颯汰達が青白い光に包まれたあと、颯汰は真っ白い空間に来ていた


「な、何だ!?」


あたりを見回すと、白い空間がただただ広がっており、上を見上げるとどこまでも澄んだ青い空が、下を見ればやわらかそうな雲が一面に引かれていた。


「ここは一体……」


驚きが隠せずに呟く俺、というのは嘘で実はそれほど驚いてはいない。

先程喋っている途中で邪魔されてしまったので、少々腹が立っているのだ。


(なんだあいつ、俺がしゃべろうとした時に邪魔しやがってあの野郎、いや野郎ではないか。)

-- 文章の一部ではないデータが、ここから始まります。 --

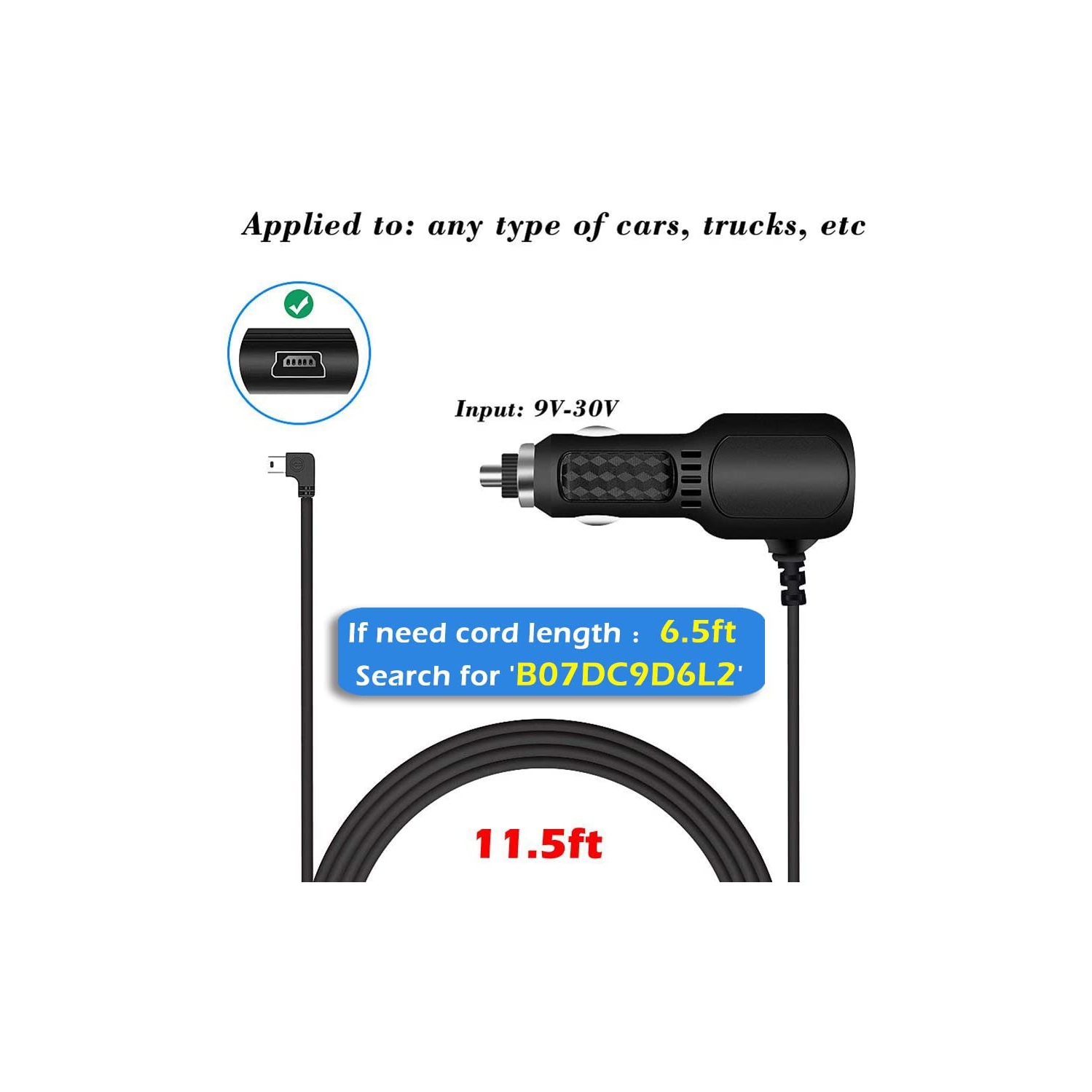 Chargeur pour caméra de tableau de bord, caméra de tableau de bord USB, câble d’alimentation, câble adaptateur de recharge pour GPS Nuvi\Mirror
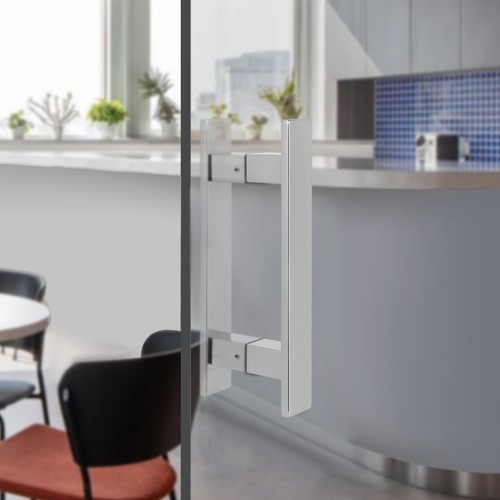 H-Shaped Glass Door Pull Handle, Double-Sided Design, Stainless Steel
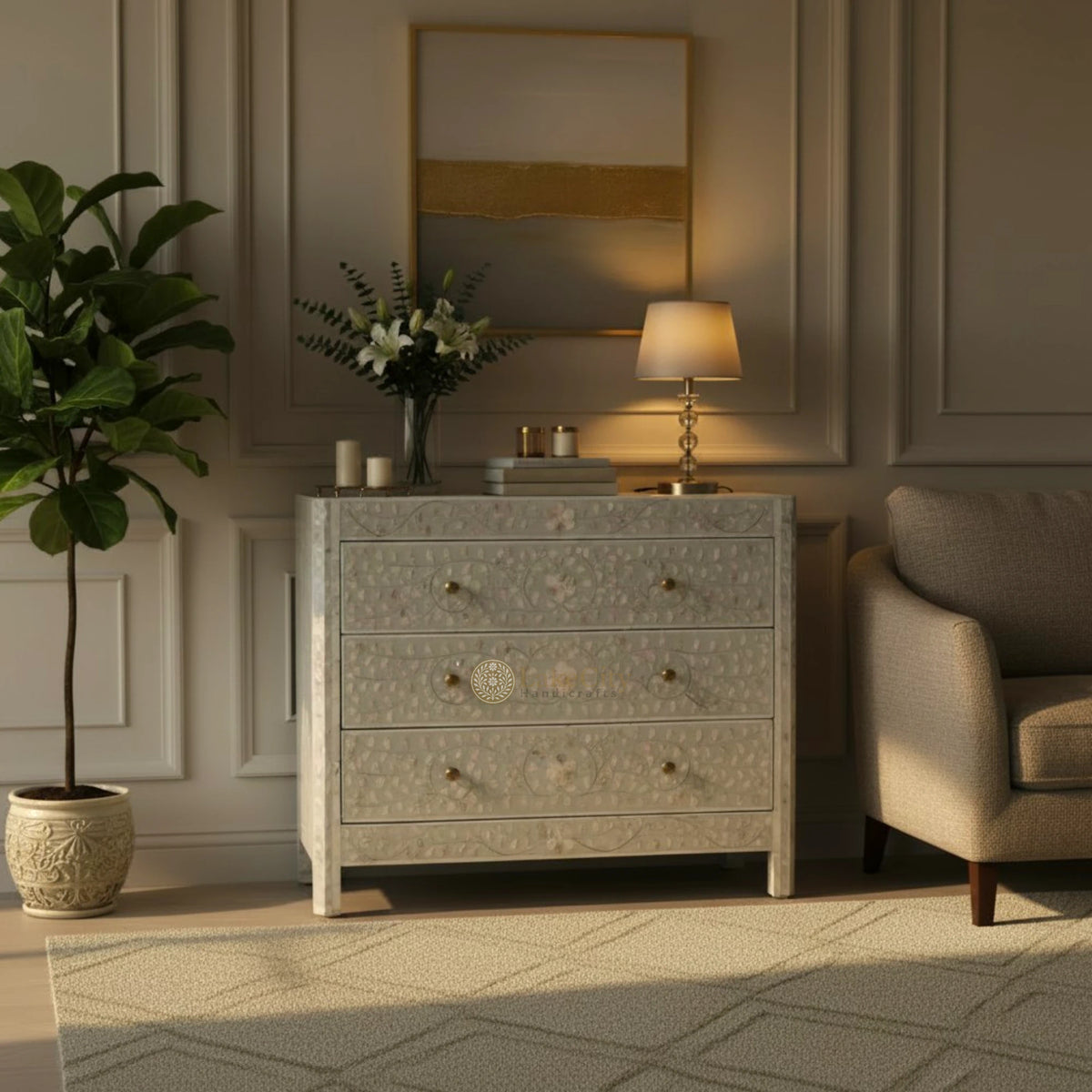 Mother Of Pearl Inlay Edge Floral Design 3 Drawers Dresser Table Grey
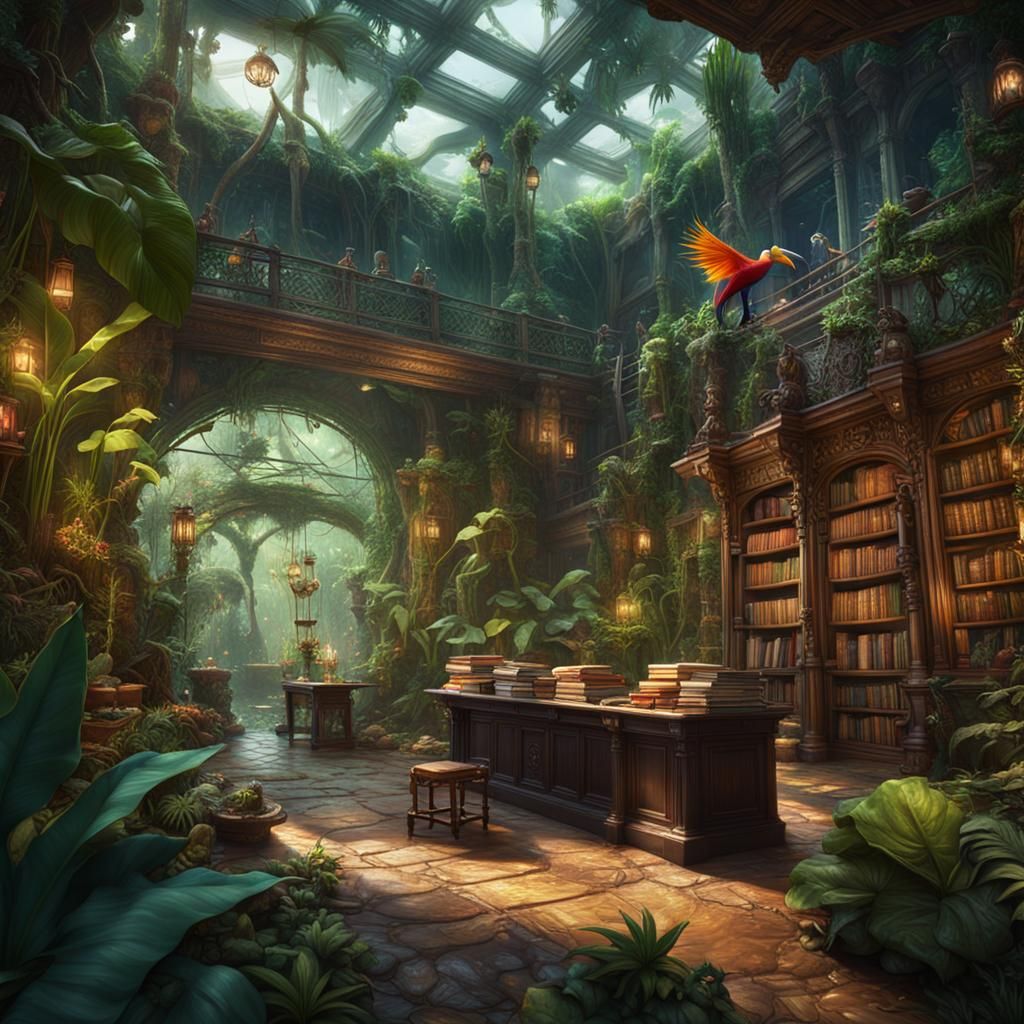 Tropical Jungle Bookstore: Fantasy Concept Art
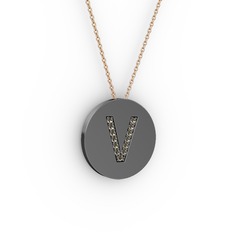 V Baş Harf kolye - Dumanlı kuvars 925 ayar siyah rodyum kaplama gümüş kolye (40 cm rose altın rolo zincir) #zow5i7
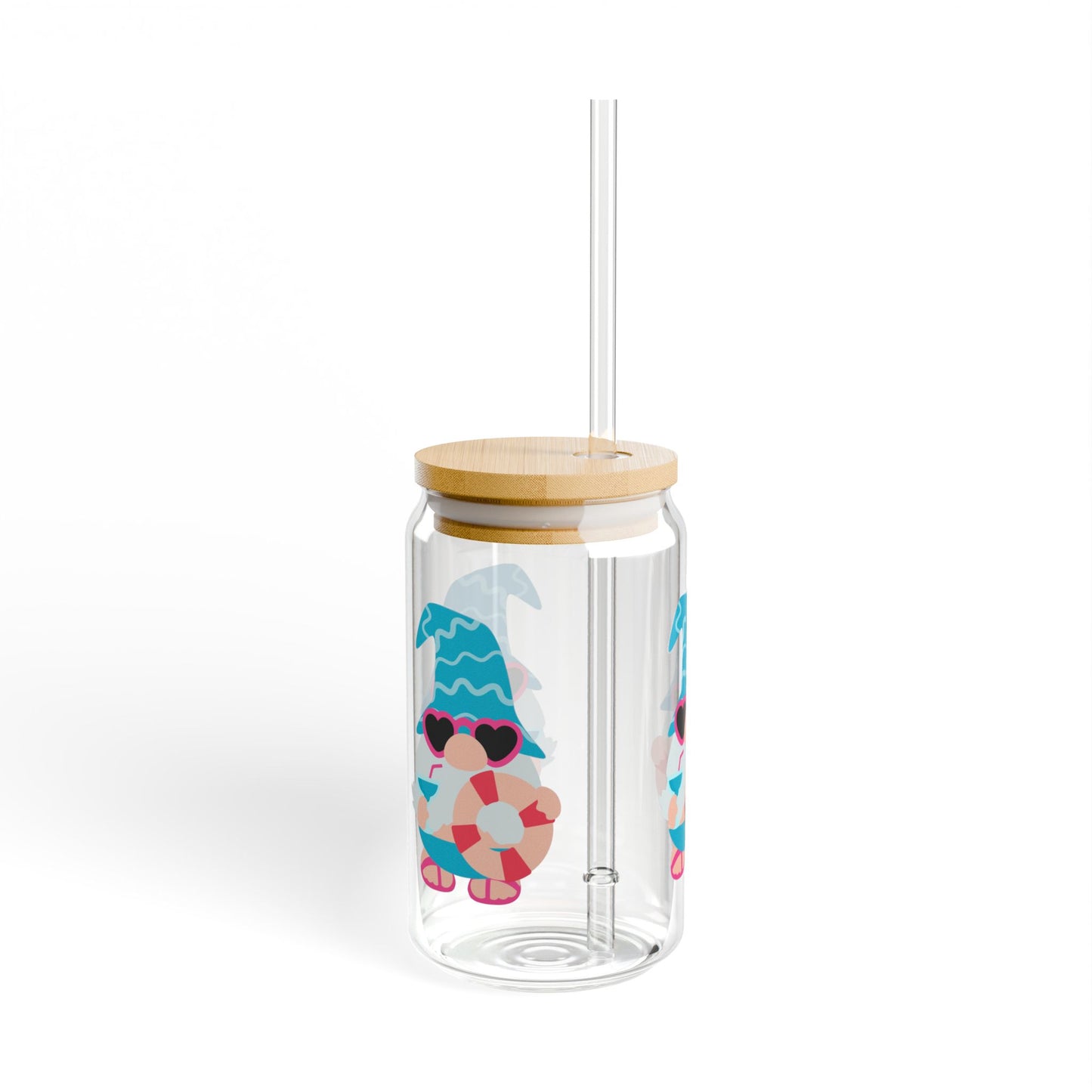 Beach Gnome Sipper Glass - 16oz, Ocean Vibes Drinkware, Fun Beach Accessory, Perfect for Parties, Gifts & BBQs, Sipper Cup with Straw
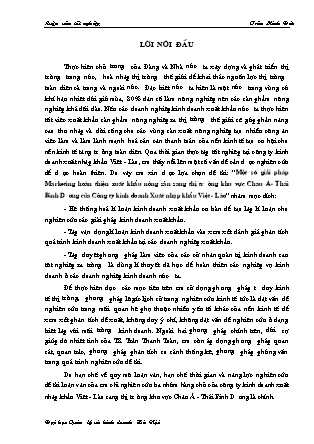 Đề tài Một số giải pháp Marketing hoàn thiện xuất khẩu nông sản sang thị trường khu vực Châu á - Thái Bình Dương của Công ty kinh doanh Xuất nhập khẩu Việt - Lào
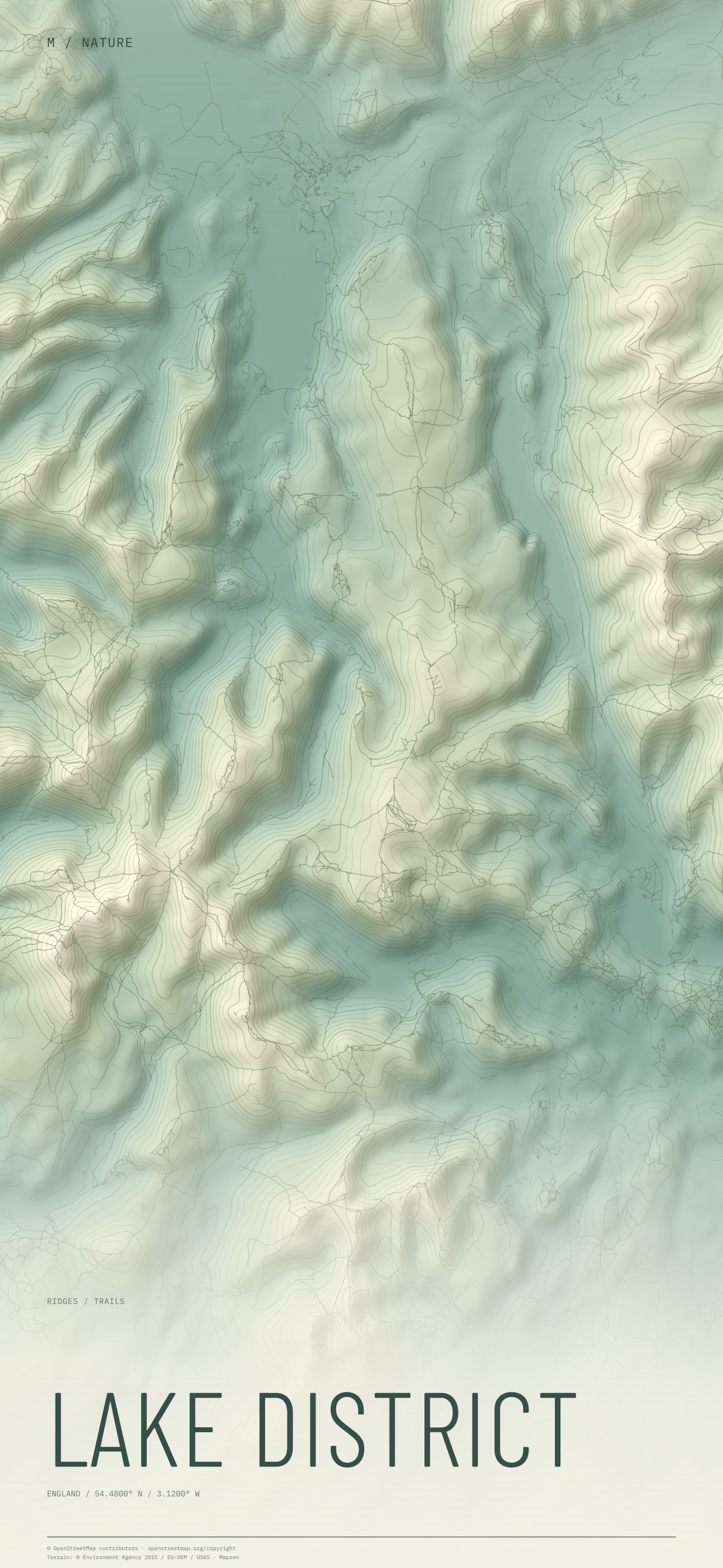 Lake District nature wallpaper with sage terrain and trails and geographic coordinates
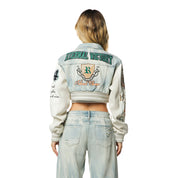 Smoke Rise RED Cropped Varsity Jean Jacket - Leo Blue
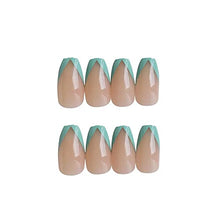 Load image into Gallery viewer, Yheakne V Shape Press on Nails Glossy French Green Nails Tips Ballerina Ombre Fake Nails Fashion Clip on Nails Full Cover Nails Artificial False Nails Tips for Women and Girls 24Pcs (Green Tips)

自分でも思うが、心の中で自問自答してる姿って、第三者から見ると変な人じゃないか?

いや、ここには人影は見えないし、どうやら俺ひとりのようだから問題は無いのだが……と思いたかったがそろそろ無理めな様子である。

なにせさっきから視界の端にチラチラ映る女性がこちらをニコニコしながら微笑んでいるのだ、怖い、ただ無性に怖い。

と言うか舌打ちをして来る、それも連続で。

普通に人いたよ、誰だよ人影見えないって言ったの。


その件の女性は金髪に碧眼、体はモデルのようにすらっとしているが、胸元に持つものは凶器としか言いようがなく、否応がなく目が吸い寄せられる魅力を持っている。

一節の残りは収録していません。